The data
_____
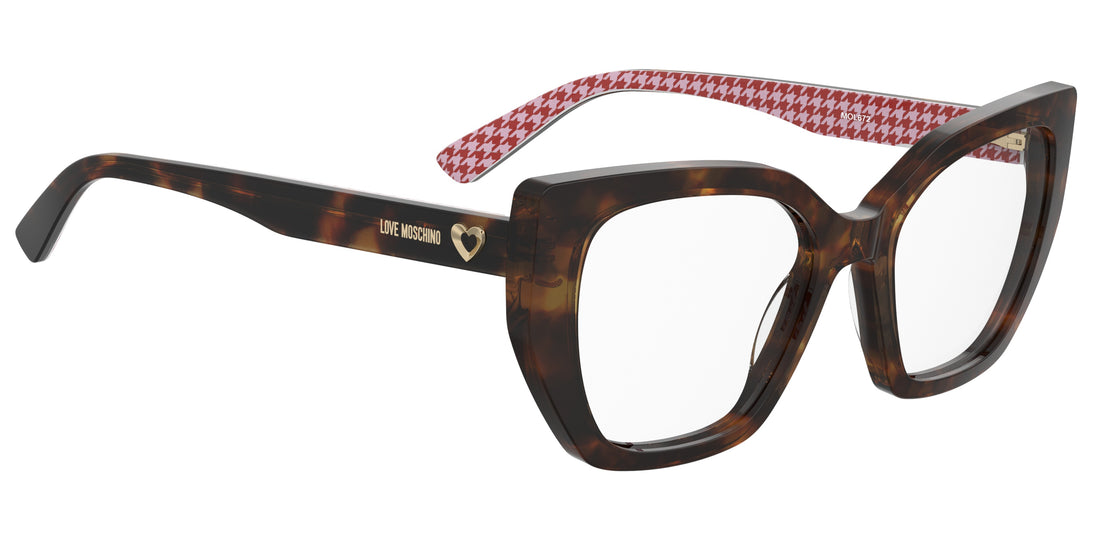 Occhiali da vista moschino love mol672 2vm estampado cat eye femenino taglia 53mm - Vista dettagliata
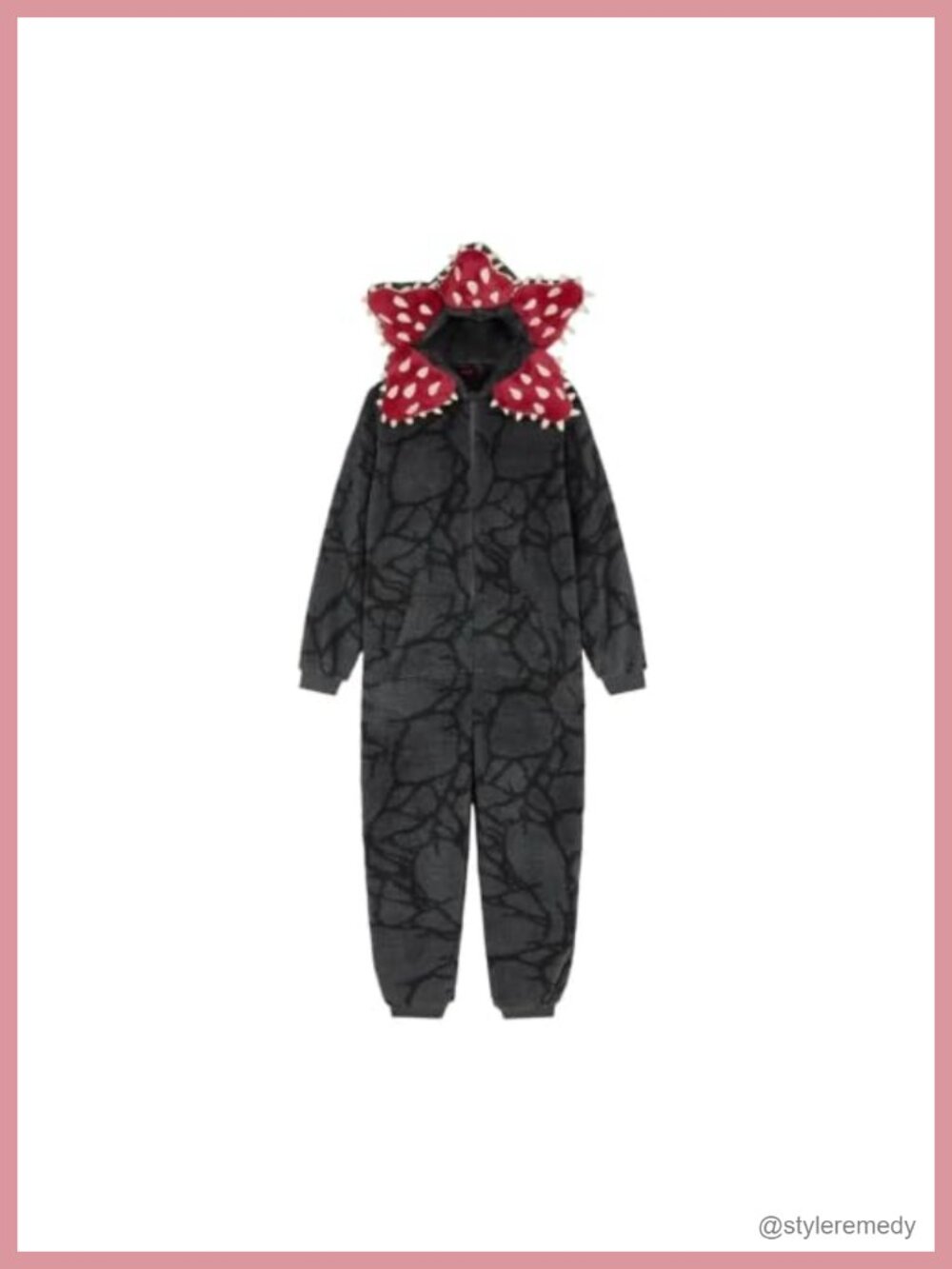Fleece Hooded One-Piece Pajama Winter Thermal Loungewear Jumpsuit
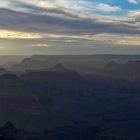 Sunset over the Grand Canyon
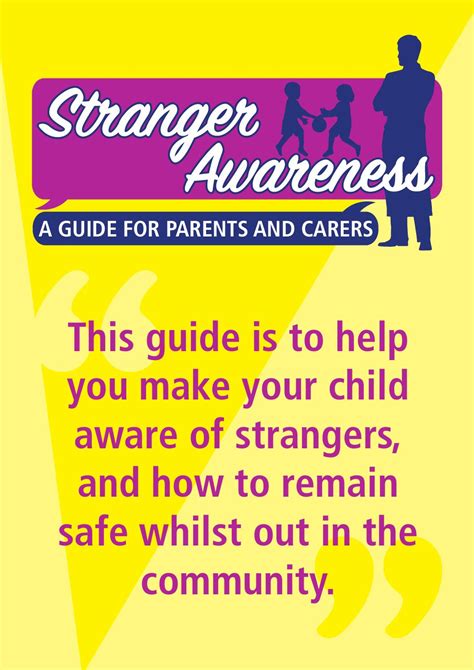 Stranger Awareness A Guide For Parents And Carers By Greater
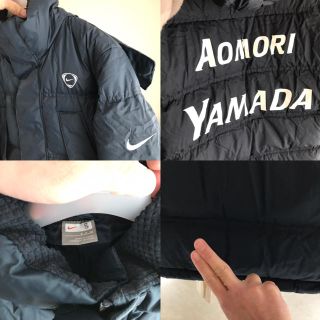 NIKE 青森山田 ダウン コート 高校サッカー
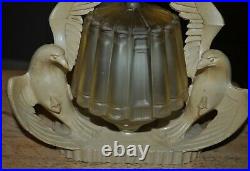 Art Deco Double Eagle Lamp Frankart Nuart Era Decorative Arts Figural Light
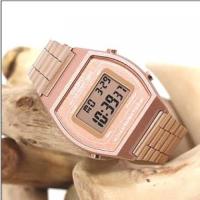 ราคา Casio Standard นาฬิกาข้อมือ ผู้หญิง ระบบดิจิตอล สเตนเลสสตีล สีพิงค์โกลด์ รุ่น B640WC-5ADF - Rose Gold (392915838)
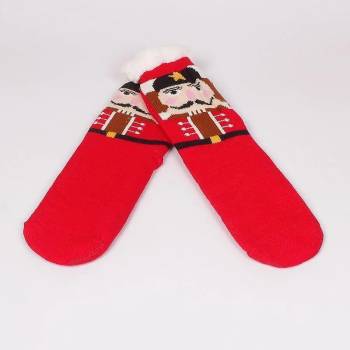 Image 1 of Мъжки коледни чорапи в червено с оловен войник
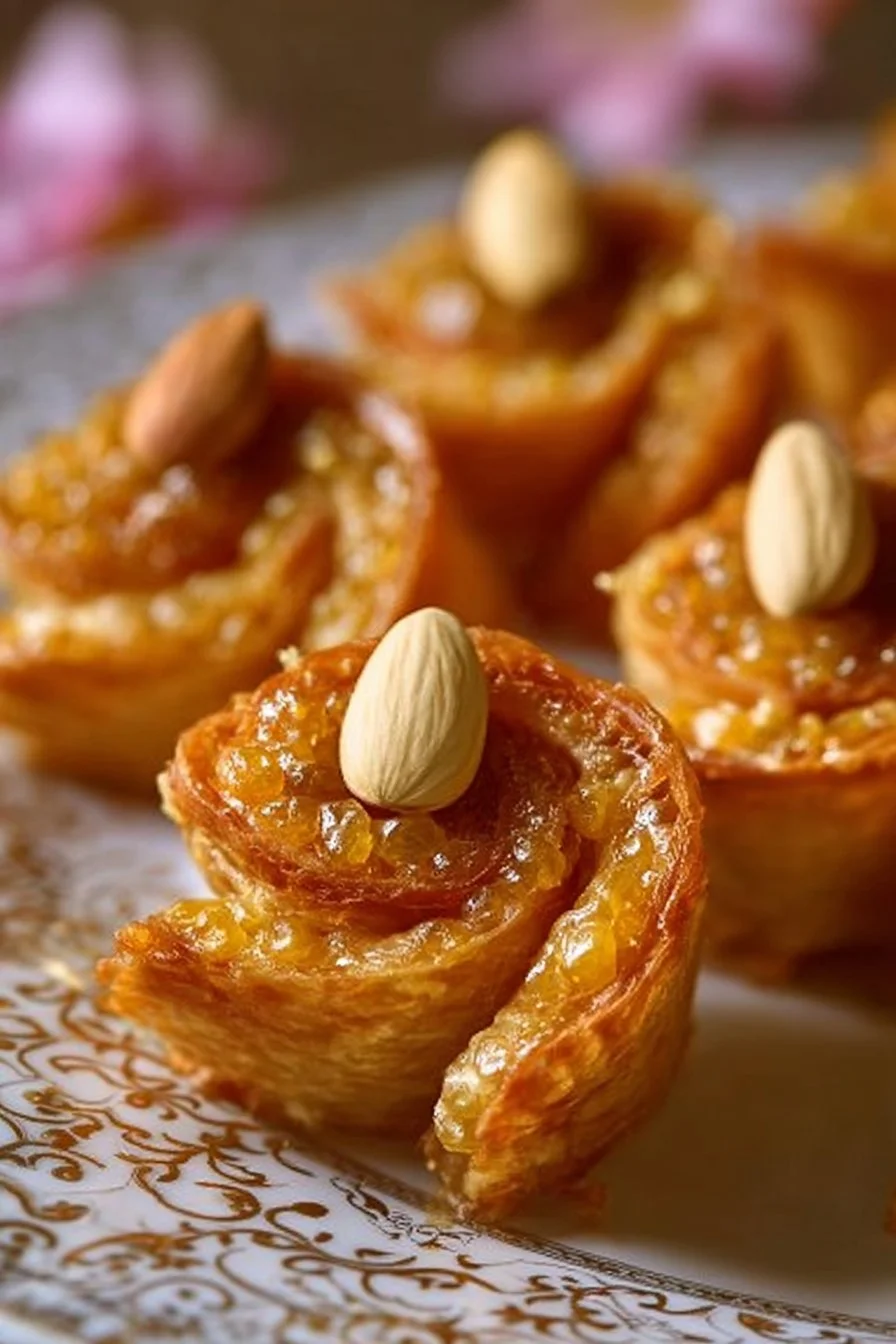 Babouches au sésame et miel, une recette savoureuse et authentique.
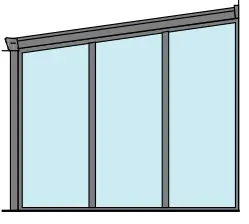 Jetzt Kaufen Seitenwand aus Glas rechts weiss 5 m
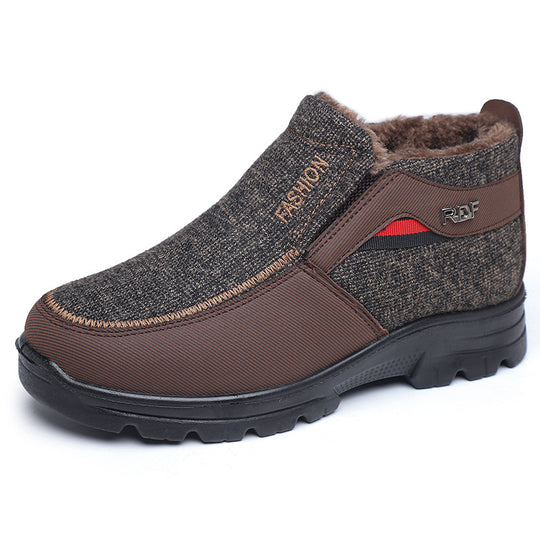 Damen Komfortable und warme Stiefeletten mit Futter EB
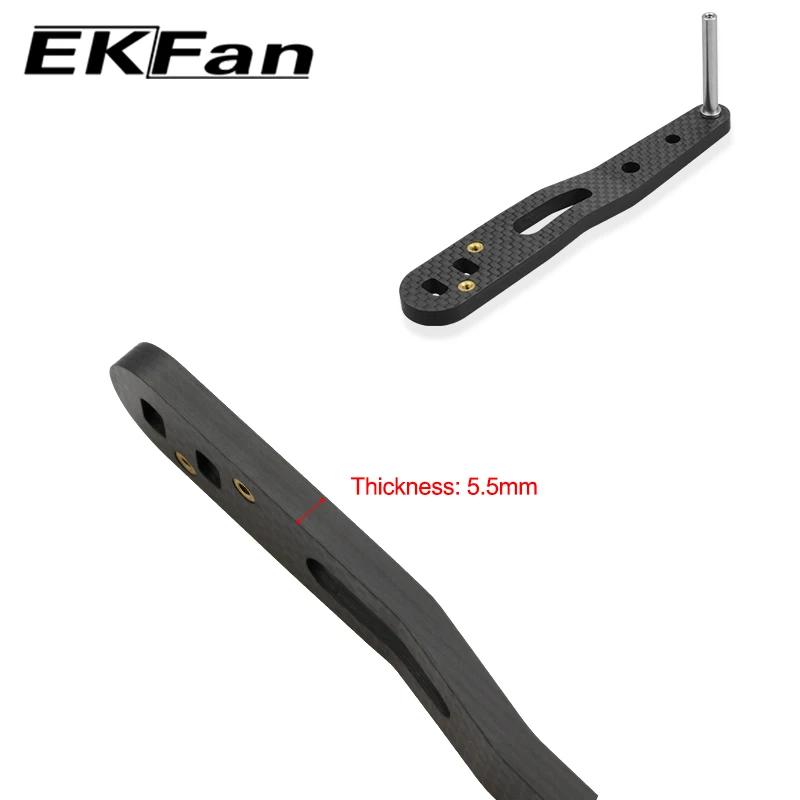 Ekfan-Poignée en carbone ultramince pour moulinet Dawa Baitcast, 138mm de long, 5.5mm, 8mm x 5mm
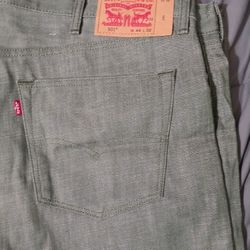Levi's And Strauss Mens Jeans Charcoal Grey Size 44 30 Green Is Size 44 32 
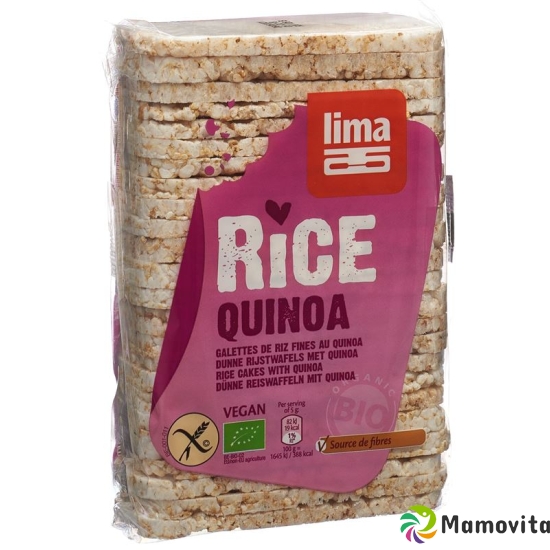 Lima rice cakes thinly with quinoa 130 g buy online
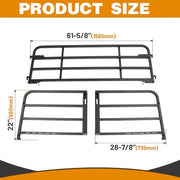 DURAFORCE Sun Shield Tuff Top Tractor Canopy For ROPS 52" X 52" - Orange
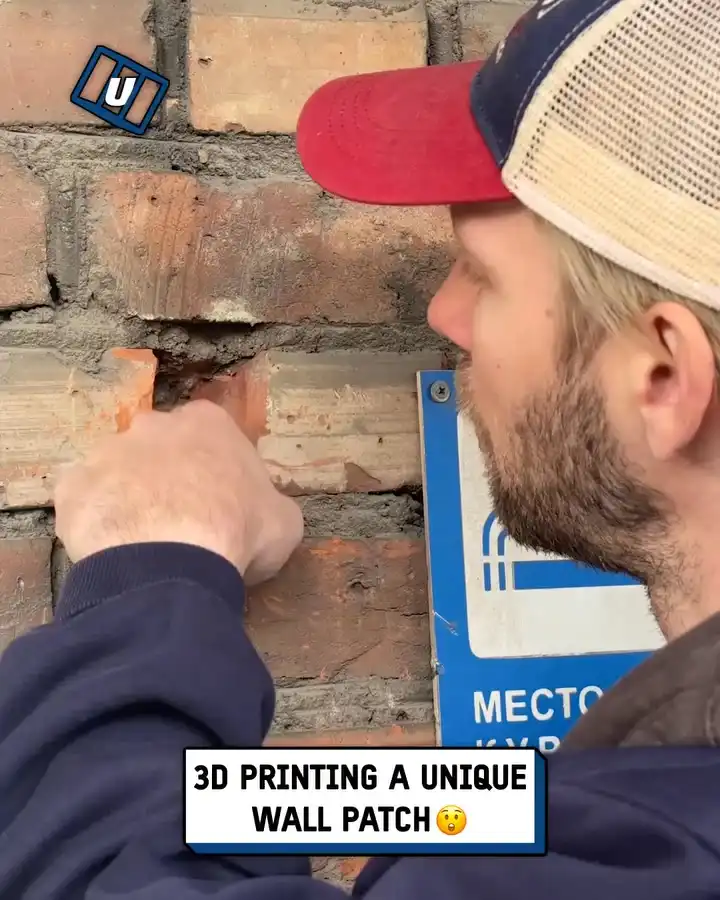 3D printing a wall patch 🧱😲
_____
Required work
Nothing but an exact copy of the data, without pictures, should be returned.

Exercise response
 Occhiali da vista moschino love mol672 2vm estampado cat eye femenino taglia 53mm - Vista dettagliata
Fleece Hooded One-Piece Pajama Winter Thermal Loungewear Jumpsuit
 Sunset over the Grand Canyon
 Stranger Awareness A Guide For Parents And Carers By Greater
 NIKE 青森山田 ダウン コート 高校サッカー
 Art Deco Double Eagle Lamp Frankart Nuart Era Decorative Arts Figural Light
 ราคา Casio Standard นาฬิกาข้อมือ ผู้หญิง ระบบดิจิตอล สเตนเลสสตีล สีพิงค์โกลด์ รุ่น B640WC-5ADF - Rose Gold (392915838)
 Image 1 of Мъжки коледни чорапи в червено с оловен войник
 Babouches au sésame et miel, une recette savoureuse et authentique.
 Jetzt Kaufen Seitenwand aus Glas rechts weiss 5 m
 Damen Komfortable und warme Stiefeletten mit Futter EB
 Ekfan-Poignée en carbone ultramince pour moulinet Dawa Baitcast, 138mm de long, 5.5mm, 8mm x 5mm
Levi's And Strauss Mens Jeans Charcoal Grey Size 44 30 Green Is Size 44 32 
 Lima rice cakes thinly with quinoa 130 g buy online
 DURAFORCE Sun Shield Tuff Top Tractor Canopy For ROPS 52" X 52" - Orange
 3D printing a wall patch 🧱😲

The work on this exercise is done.